I saw this tutorial (http://www.hauntforum.com/showthread.php?t=10217) a few years ago, and filed it away as being cool, but not immediately applicable to our haunt.

Well, it's been hard to convince the owner to bust holes in his new flats to do the real deal, and we have some walls that are relatively permanent, and need to look normal the other 360 days of the year.

So I decided to take the idea of contact paper lath and add more aging and dimension to it.










I initially only meant for these to be used in areas where guests were at least 5ft away, as I didn't think they'd really hold up to scrutiny. What surprised me is when I put it up on a wall, it held up as little as 2 feet away in direct line of sight, and less than half a foot away when put in your peripheral vision. This is all under natural light, not even show lighting.

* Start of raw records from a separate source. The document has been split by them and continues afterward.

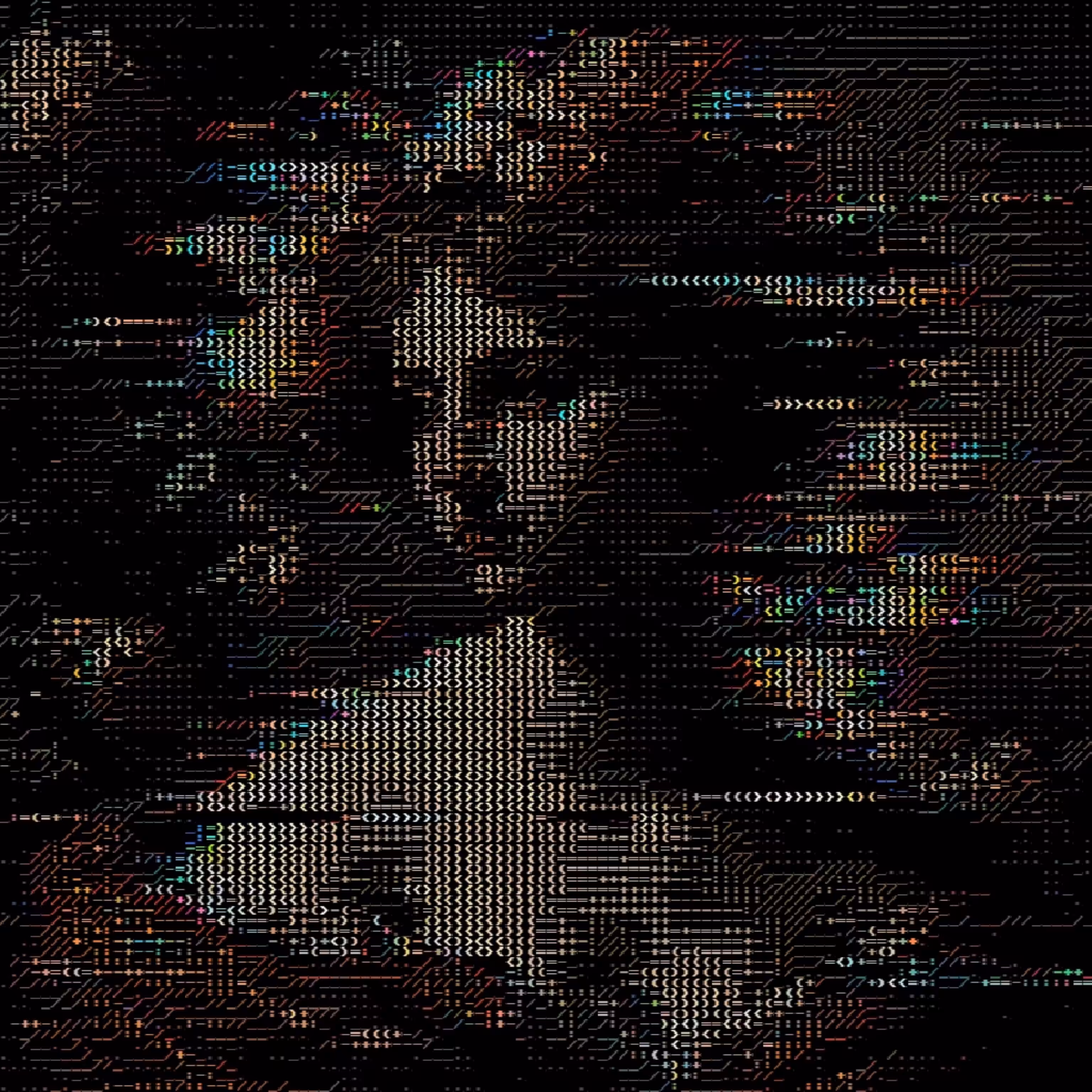 MARY ASCII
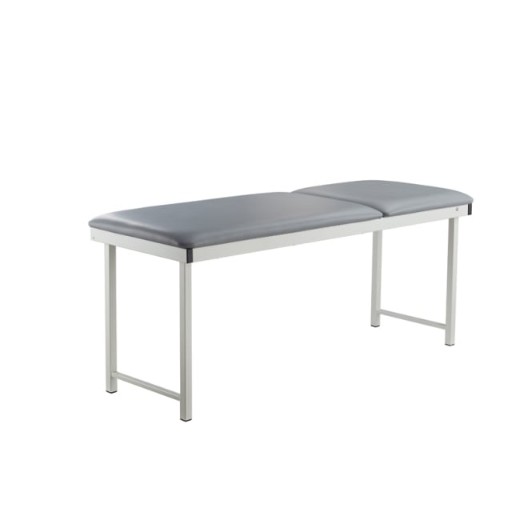 Picture of Free Standing Exam Couch 250kg Grey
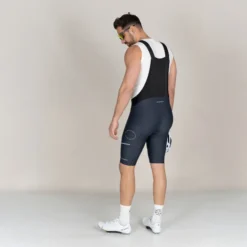 Elegant Line Rapido II Trägerhose kurz Herren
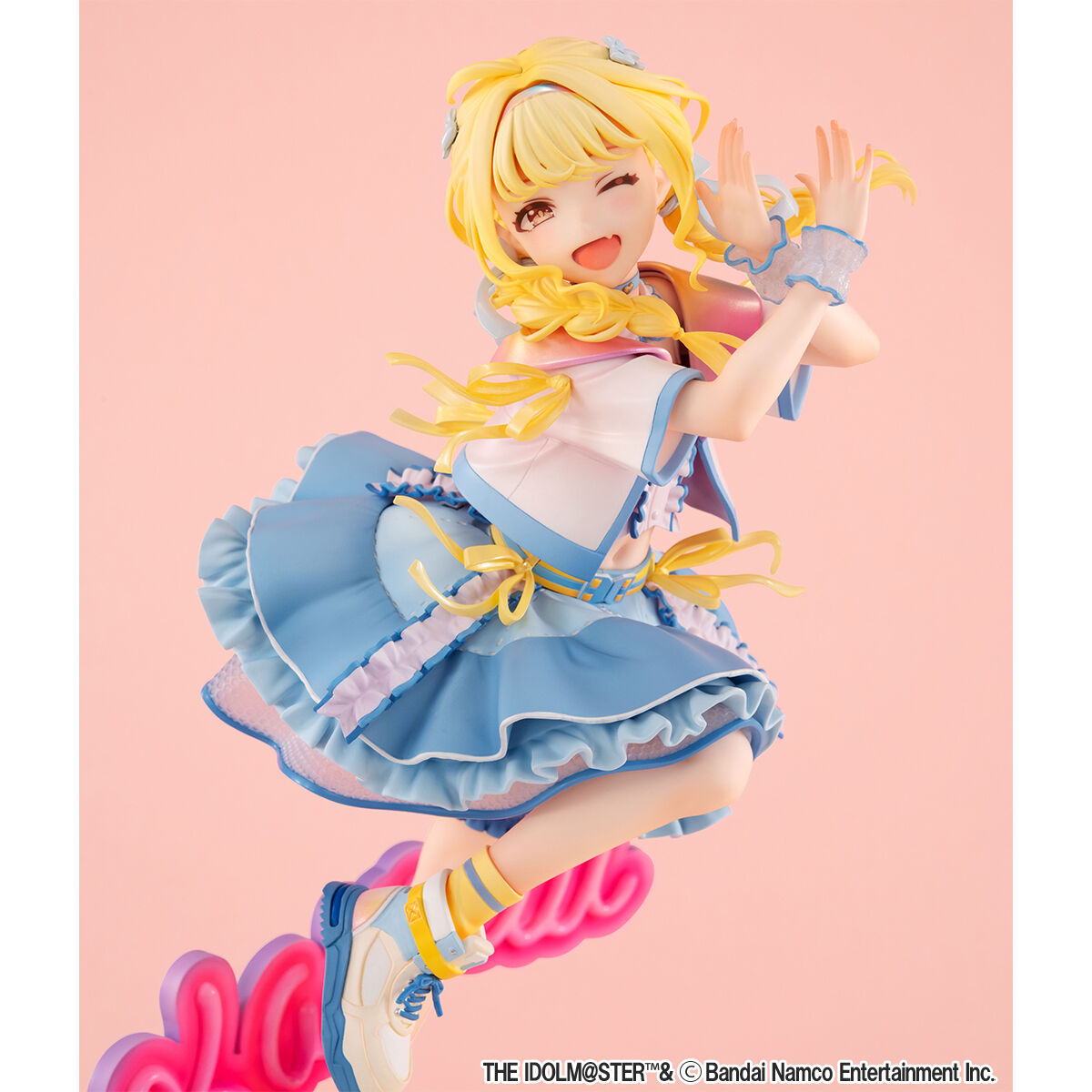 Gakuen Idolmaster Lucrea Figure - Kotone Fujita The Cutest Me Ver. [Pre-Order Sep 2026]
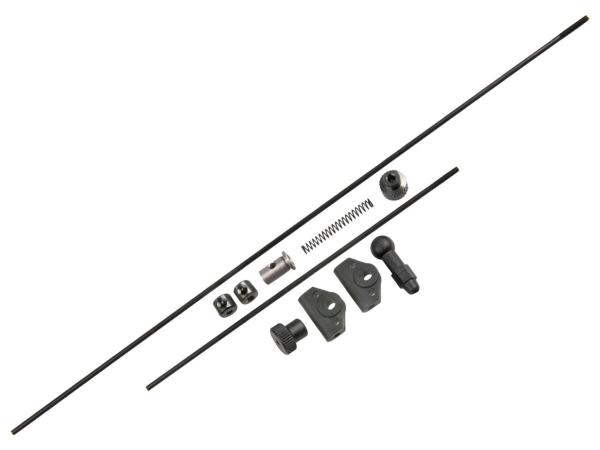 ANLENKUNG GAS/BREMSE MTX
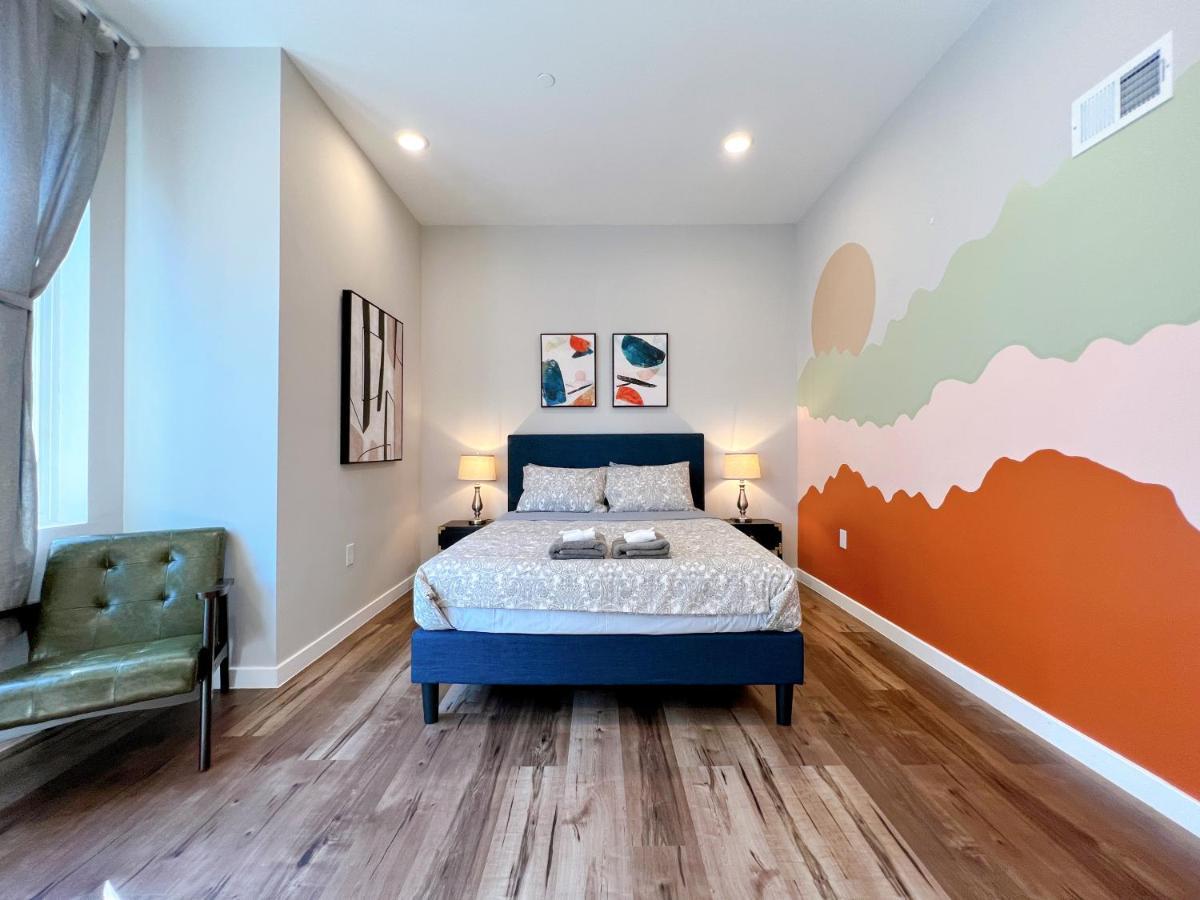 Stay At Luna On Ridge Ave 费城 外观 照片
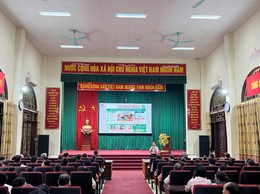 Tập huấn nghiệp vụ tín dụng chính sách xã hội năm 2026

With the project cost coming in at a whopping $1 per posterboard (you can get 1 large patch, and multiple smaller cracks and holes per poster), this is a killer trick to fill out bare corners in your haunt, as long as it's covered, and not exposed to water.


----------



## bobzilla (Nov 13, 2008)

Very cool!
Great job


----------



## RoxyBlue (Oct 6, 2008)

That looks fabulous and you can't beat the price.


----------



## Hairazor (Mar 13, 2012)

Niiice!


----------



## Fiend4Halloween (Aug 28, 2008)

The overall look is great! Awesome price, finished product is very pro looking. Good job!


----------



## elputas69 (Oct 27, 2014)

Sweet! I'm going to try this.


----------



## The Halloween Lady (Aug 18, 2010)

Looks amazing! I did that a few years ago and yours puts mine to shame!!!


----------



## Headless (Sep 4, 2011)

I remember the original post as well but love what you've done in addition.


----------



## matrixmom (Aug 20, 2011)

This looks so authentic....cant believe it. Its the details and shading that really make it look real.


----------



## booberry crunch (Aug 14, 2014)

Wow, nicely done! That looks awesome!


----------